# Task instructions
Every line holding the word "being" should be copied from the material.

# Records to process
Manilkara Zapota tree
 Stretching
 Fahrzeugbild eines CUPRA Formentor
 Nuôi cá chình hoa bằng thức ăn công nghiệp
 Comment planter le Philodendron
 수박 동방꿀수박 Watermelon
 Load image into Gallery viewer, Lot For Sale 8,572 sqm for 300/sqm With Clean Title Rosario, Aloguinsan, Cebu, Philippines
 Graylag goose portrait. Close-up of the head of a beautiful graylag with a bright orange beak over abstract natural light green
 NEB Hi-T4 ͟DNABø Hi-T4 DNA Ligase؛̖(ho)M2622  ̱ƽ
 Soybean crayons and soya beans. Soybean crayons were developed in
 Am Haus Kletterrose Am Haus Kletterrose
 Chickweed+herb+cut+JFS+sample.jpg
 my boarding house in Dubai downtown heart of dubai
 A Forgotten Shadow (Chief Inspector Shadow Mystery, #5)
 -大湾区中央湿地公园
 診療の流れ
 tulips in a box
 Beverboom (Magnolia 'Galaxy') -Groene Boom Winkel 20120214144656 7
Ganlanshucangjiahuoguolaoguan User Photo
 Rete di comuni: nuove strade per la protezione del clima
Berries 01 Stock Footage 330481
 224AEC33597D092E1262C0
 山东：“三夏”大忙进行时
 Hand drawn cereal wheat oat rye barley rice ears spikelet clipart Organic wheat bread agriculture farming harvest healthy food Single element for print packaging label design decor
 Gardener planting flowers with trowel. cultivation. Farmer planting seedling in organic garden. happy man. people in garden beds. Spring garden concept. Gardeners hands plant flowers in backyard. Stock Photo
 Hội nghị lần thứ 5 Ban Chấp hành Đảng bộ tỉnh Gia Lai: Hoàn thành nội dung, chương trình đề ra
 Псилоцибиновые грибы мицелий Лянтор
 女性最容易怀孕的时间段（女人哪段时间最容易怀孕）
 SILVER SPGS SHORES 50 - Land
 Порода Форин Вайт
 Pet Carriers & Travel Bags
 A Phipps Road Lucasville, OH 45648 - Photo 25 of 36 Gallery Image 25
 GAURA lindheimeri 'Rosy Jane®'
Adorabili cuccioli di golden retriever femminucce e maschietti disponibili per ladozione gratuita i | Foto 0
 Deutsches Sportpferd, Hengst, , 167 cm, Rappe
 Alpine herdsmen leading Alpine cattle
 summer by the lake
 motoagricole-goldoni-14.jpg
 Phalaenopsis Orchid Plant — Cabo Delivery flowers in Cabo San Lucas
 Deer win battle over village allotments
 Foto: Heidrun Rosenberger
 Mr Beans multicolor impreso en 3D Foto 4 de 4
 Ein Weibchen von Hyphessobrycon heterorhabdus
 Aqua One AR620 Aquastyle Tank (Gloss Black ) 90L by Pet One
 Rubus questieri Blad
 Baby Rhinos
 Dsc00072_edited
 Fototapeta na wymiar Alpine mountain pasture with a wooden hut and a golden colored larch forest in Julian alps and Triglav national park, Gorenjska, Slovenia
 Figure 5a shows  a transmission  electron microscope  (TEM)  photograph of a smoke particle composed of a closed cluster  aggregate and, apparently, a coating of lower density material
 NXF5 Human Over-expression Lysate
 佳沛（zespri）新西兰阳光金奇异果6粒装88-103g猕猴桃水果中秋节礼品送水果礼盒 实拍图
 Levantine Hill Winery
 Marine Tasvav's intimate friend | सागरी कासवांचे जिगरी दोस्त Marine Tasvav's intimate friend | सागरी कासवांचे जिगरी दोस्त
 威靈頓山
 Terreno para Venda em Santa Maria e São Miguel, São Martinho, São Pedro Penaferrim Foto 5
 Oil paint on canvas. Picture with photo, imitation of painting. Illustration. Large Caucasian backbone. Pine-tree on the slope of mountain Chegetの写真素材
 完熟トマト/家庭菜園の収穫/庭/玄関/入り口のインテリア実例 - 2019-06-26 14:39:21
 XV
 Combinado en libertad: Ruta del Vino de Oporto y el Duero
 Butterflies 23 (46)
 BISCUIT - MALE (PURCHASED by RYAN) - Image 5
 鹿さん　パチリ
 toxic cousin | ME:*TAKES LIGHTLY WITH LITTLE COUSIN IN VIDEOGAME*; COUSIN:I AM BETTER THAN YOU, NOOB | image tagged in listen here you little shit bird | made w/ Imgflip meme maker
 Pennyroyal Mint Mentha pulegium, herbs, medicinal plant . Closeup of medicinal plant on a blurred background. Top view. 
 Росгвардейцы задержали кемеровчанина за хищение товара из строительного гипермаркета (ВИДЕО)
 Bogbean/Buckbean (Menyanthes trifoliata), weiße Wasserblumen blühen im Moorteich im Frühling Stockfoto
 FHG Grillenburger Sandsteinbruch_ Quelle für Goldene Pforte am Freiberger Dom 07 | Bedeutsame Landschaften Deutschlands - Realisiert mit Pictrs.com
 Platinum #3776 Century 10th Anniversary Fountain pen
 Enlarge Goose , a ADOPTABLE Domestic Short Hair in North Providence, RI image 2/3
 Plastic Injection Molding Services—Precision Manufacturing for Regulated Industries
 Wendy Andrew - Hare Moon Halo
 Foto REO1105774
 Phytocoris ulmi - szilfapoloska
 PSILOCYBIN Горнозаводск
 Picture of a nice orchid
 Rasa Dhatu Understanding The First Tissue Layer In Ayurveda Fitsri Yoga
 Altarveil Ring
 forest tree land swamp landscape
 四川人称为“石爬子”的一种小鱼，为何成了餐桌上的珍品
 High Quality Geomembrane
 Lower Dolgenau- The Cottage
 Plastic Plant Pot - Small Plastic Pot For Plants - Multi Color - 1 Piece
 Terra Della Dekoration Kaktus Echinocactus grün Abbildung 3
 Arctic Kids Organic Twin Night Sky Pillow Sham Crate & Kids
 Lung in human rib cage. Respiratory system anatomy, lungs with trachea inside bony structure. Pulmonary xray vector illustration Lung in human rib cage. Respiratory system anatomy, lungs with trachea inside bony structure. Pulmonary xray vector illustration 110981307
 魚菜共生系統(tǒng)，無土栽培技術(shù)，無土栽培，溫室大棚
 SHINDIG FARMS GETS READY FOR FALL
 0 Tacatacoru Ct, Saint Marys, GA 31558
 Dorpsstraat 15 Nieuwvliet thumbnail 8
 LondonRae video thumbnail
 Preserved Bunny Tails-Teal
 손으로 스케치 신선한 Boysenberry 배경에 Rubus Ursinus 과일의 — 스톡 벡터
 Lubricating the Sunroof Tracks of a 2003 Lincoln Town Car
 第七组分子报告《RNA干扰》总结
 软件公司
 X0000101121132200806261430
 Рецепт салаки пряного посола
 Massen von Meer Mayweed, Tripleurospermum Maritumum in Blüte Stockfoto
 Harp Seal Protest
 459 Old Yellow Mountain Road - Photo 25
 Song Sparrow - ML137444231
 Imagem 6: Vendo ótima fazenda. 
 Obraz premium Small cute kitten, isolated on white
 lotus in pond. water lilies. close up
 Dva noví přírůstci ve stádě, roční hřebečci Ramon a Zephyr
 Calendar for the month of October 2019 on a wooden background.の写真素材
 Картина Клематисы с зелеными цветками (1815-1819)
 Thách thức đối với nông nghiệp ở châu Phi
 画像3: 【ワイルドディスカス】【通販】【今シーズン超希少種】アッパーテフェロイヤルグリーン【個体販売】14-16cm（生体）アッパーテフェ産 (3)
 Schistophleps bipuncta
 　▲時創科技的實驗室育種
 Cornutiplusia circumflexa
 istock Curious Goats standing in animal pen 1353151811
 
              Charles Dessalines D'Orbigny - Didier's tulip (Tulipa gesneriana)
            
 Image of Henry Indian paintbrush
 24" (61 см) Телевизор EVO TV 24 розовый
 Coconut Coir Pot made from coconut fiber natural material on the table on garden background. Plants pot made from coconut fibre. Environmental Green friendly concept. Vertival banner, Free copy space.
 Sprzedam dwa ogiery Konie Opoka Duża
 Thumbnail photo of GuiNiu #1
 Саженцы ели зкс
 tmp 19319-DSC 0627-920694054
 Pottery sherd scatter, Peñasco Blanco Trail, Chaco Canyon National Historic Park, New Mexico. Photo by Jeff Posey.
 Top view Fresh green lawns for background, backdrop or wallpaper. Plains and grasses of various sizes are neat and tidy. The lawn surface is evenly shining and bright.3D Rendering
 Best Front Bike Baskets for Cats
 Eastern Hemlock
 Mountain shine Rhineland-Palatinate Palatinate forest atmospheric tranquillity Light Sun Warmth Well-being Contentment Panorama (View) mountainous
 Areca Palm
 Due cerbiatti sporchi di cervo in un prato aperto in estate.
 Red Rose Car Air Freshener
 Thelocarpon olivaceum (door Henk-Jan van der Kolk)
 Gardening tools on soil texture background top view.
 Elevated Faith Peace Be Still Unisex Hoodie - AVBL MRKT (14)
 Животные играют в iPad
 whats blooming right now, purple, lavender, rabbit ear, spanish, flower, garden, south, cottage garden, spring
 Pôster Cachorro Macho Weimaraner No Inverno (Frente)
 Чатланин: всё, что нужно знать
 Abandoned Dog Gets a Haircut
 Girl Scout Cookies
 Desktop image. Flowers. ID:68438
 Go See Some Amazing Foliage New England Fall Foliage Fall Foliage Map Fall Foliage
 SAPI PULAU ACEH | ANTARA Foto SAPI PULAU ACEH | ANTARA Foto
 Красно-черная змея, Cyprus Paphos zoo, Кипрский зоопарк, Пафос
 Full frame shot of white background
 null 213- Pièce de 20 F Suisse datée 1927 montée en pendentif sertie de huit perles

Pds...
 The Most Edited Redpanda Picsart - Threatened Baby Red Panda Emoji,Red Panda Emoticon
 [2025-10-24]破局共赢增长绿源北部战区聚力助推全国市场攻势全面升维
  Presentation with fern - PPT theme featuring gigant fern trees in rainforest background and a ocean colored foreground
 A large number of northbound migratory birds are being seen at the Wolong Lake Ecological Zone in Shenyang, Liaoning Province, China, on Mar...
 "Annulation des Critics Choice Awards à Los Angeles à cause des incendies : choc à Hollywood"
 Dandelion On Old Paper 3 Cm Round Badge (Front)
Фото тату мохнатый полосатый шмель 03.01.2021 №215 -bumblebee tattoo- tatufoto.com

# Solution for this task
 Mountain shine Rhineland-Palatinate Palatinate forest atmospheric tranquillity Light Sun Warmth Well-being Contentment Panorama (View) mountainous
 A large number of northbound migratory birds are being seen at the Wolong Lake Ecological Zone in Shenyang, Liaoning Province, China, on Mar...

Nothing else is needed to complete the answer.